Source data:

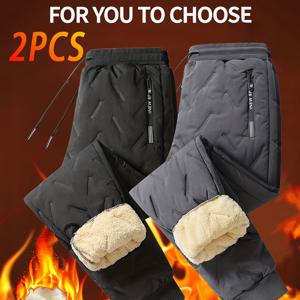 TEMU 2개 세트 남성용 극한 추위 보호 보온 팬츠, 중간 허리 폴리에스터 지퍼 및 드로스트링 허리 디자인, 솔리드 컬러 레귤러 핏, 두꺼운 스키, 아이스 클라이밍, 캠핑용 - 겨울 의류, 스키 장비, 내구성 있는 스타일, 야외 활동 애호가를 위한 필수품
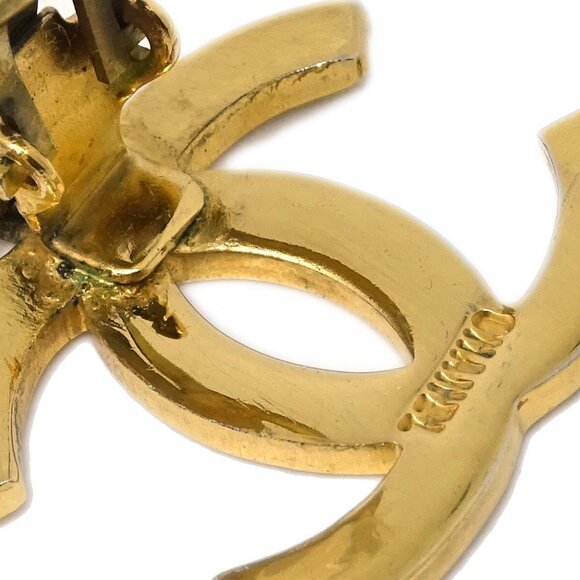 Chanel Hoop Dangle Earrings Clip-On Gold KK90839 - Picture 3 of 4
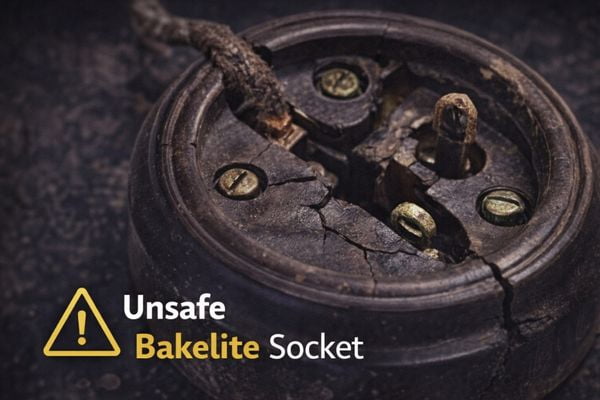 Unsafe Bakelite Sockets A close-up of a cracked and worn-out vintage Bakelite socket.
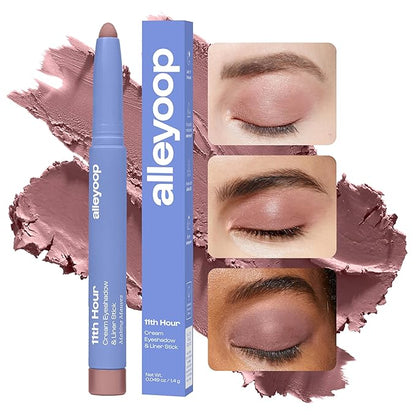 ALLEYOOP 11th Hour Waterproof Cream Eyeshadow Stick ?€? Long-Lasting Eye Shadow Pencil & Eyeliner, Cream to Powder Stick & Highlighter ?€? Smudge-Proof Eyeshadow Matte, Making Mauve Matte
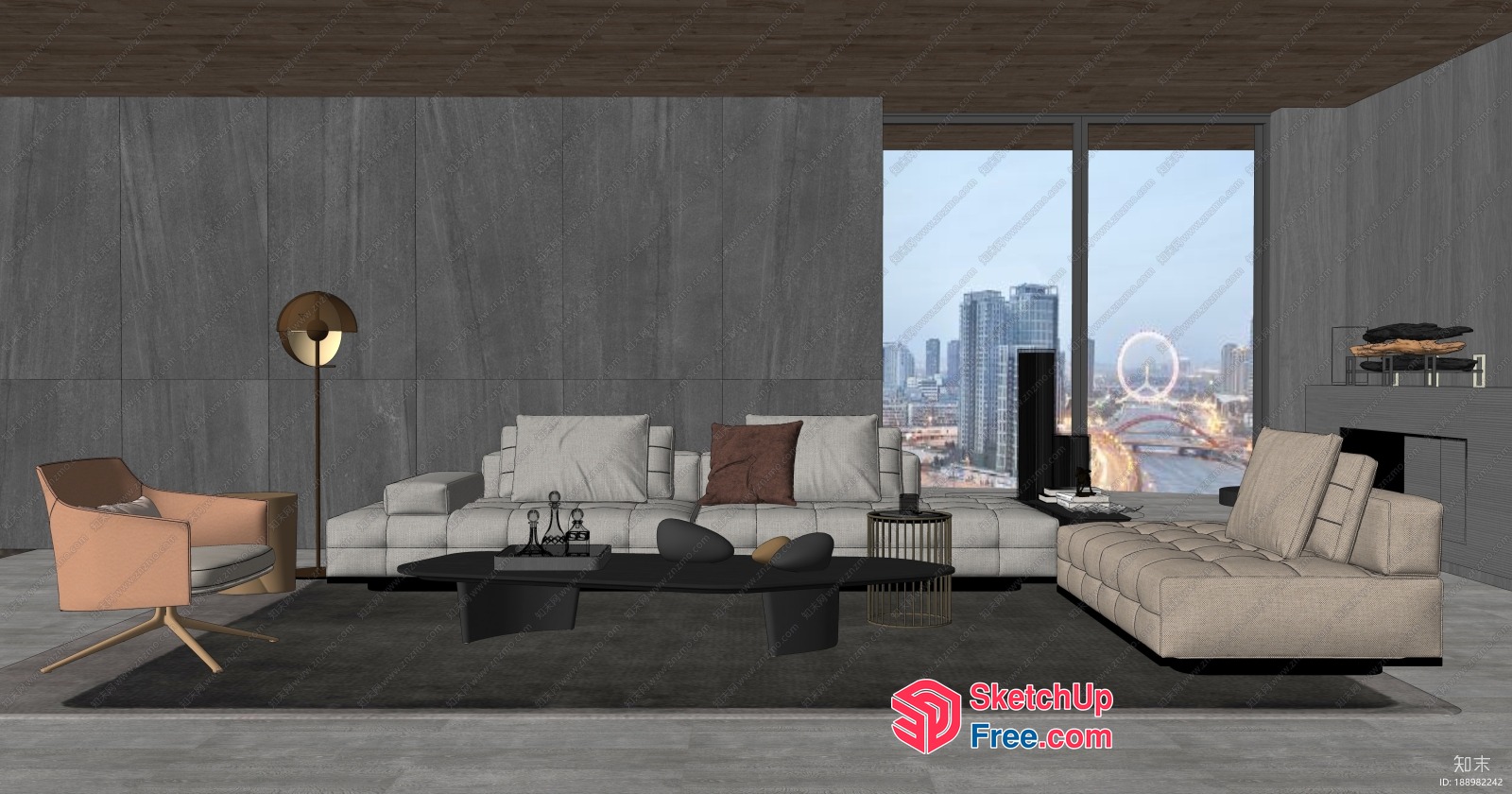 Modern Minimalist City View Living Room 3D SketchUp File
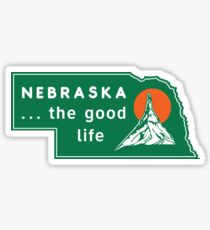 Nebraska - The Good Life (With green background) Sticker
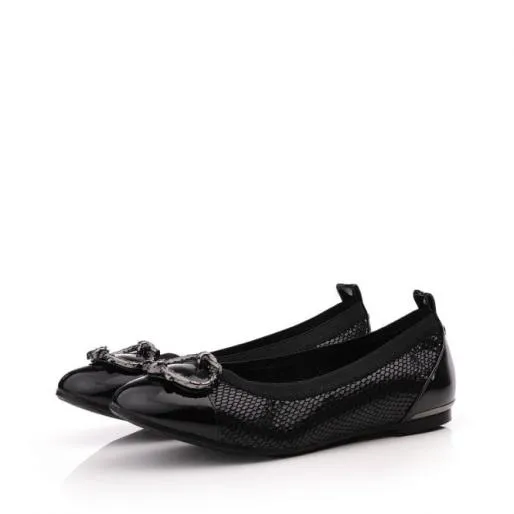 Fairy W Black Snake Print Leather Women Moda In Pelle Flat And Ballerina Shoes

Problem requirements:
All lines from the one holding "ALLEYOOP 11th Hour" through the last line of the records need to be copied exactly, both ends included, and the pictures left behind.

Written response:
 ALLEYOOP 11th Hour Waterproof Cream Eyeshadow Stick ?€? Long-Lasting Eye Shadow Pencil & Eyeliner, Cream to Powder Stick & Highlighter ?€? Smudge-Proof Eyeshadow Matte, Making Mauve Matte
 Modern Minimalist City View Living Room 3D SketchUp File
 Nebraska - The Good Life (With green background) Sticker
 Fairy W Black Snake Print Leather Women Moda In Pelle Flat And Ballerina Shoes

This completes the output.